You are viewing a plain text version of this content. The canonical link for it is here.
Posted to dev@hive.apache.org by "Darapaneni, Hazarath" <hd...@ea.com> on 2014/03/24 20:34:12 UTC

hive partition questions

Hi Team,


I have a scenario that I need help from you guys, please check and let me know, if it's feasible or not.

Scenario:

I have a table called page_view and it has 10 partitions with date (2013-12-20 to 2013-12-30) and I need to select latest partition without giving date as where condition.

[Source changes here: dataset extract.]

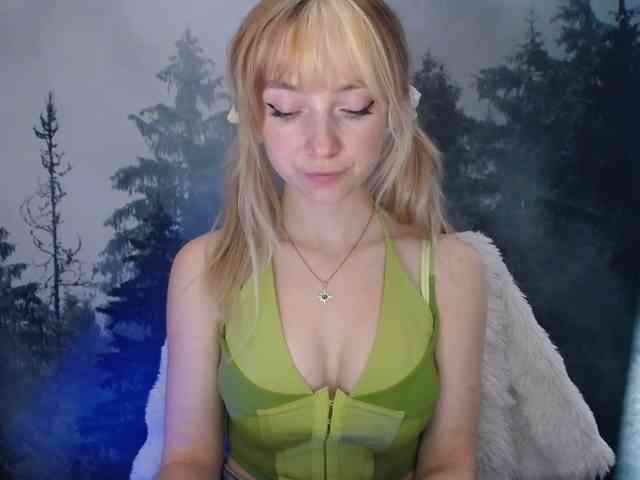LuciaLovely webcam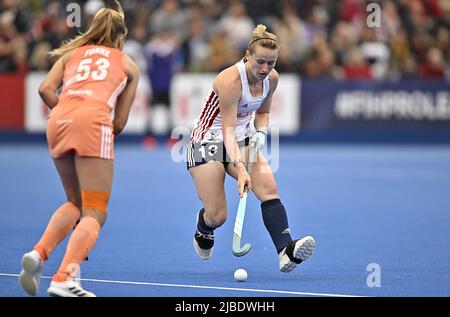 Stratford, United Kingdom. 05th June, 2022. England V Netherlands Womens FIH Pro League. Lee Valley Hockey centre. Stratford. Ellie Rayer (England) during the England V Netherlands Womens FIH Pro League hockey match. Credit: Sport In Pictures/Alamy Live News Stock Photo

If I do  select * from page_view then it should got to latest partition as default (in this case its 2013-12-30) , is there a way to do this in hive configuration.

Thanks,
Hazarath.

Re: hive partition questions

Posted by Selina Zhang <se...@yahoo-inc.com>.
Try left semi join? It should equal to Xuefu¹s solution.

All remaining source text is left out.